> [Activity] Scan the records below for the line with "AudiA6c7 2018 variant - 16" and the line with "Wait For It!". Repeat those two lines and every line between them exactly, and nothing else.

> [Entries supplied]
== == ==

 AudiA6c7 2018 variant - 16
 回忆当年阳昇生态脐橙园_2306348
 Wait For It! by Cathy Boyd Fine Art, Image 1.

== == ==

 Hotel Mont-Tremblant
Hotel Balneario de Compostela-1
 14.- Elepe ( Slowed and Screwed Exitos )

== == ==

> [Answer below]
 AudiA6c7 2018 variant - 16
 回忆当年阳昇生态脐橙园_2306348
 Wait For It! by Cathy Boyd Fine Art, Image 1.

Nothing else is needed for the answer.